Board of adjustment rejects two N. Fork projects; tables a third
Staff Writer | August 5, 2020 2:05 AM
The Flathead County Board of Adjustment reviewed three separate requests for conditional use permits brought forth by property owners within the North Fork Zoning District Tuesday. The board denied two of the permits and tabled another.
The decisions nearly paralleled recommendations from the North Fork Land Use Advisory Committee which reviewed the requests during a public hearing the week prior and had recommended a denial of all three applications.
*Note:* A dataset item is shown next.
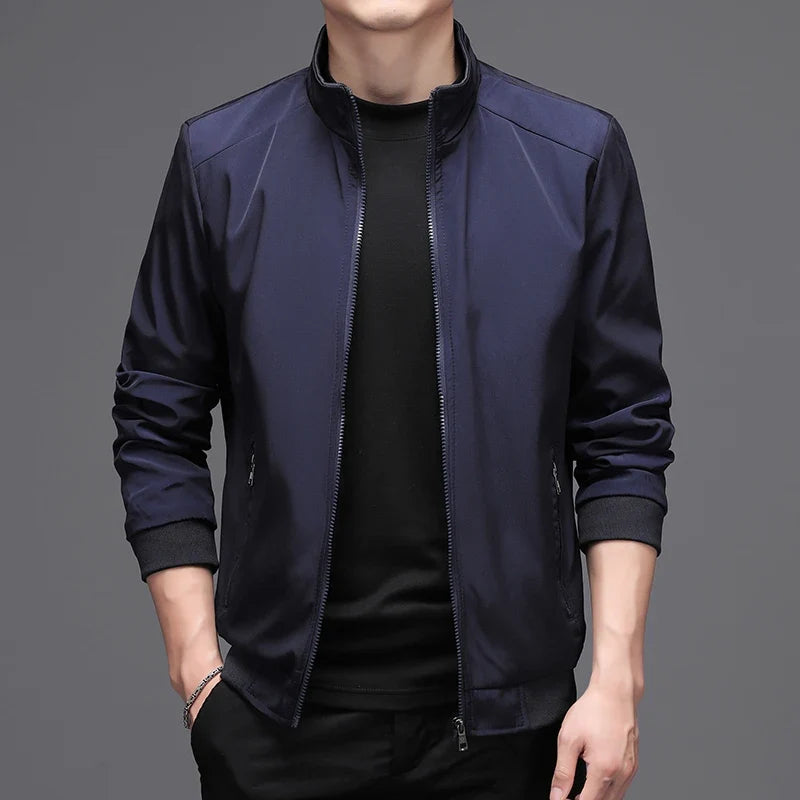 Herren Jacke Stehkragen Bomber Stil Freizeit Schwarz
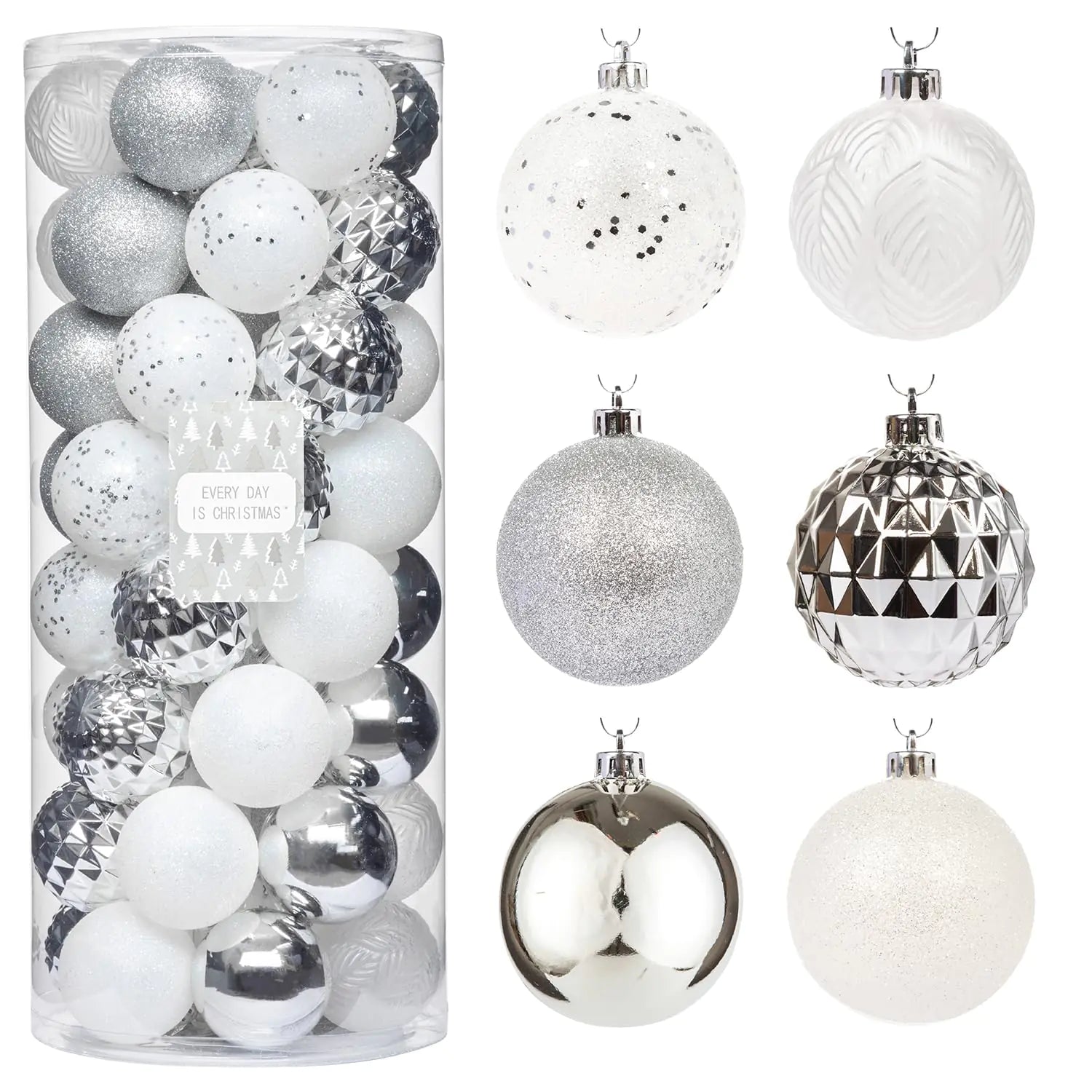 Everyday Joy Shatterproof Ornament Set 50pc White Silver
Two of the applications, submitted by Heather Matthews of North Fork Cabins, LLC and Susan Evans of Northern Lights Land, LLC, are for adjacent properties — 15 and 4.9 acres respectively — requesting a permit for the proposed use of what appeared to be the same Camp or Retreat Center. According to staff reports, the first application sought to create eight campsites and to utilize four existing structures for the proposed use, while the second appeared to seek 11 RV and 15 tent camping sites, although a number was never clearly specified in the application.
The sites were just drawn on a map, not actually described.
All told, the properties, which are located in and around Home Ranch Bottoms, appeared to request 37 new campsites on a combined 19.9 acres.
More than 40 people attended the hearing, and most were opposed to the projects.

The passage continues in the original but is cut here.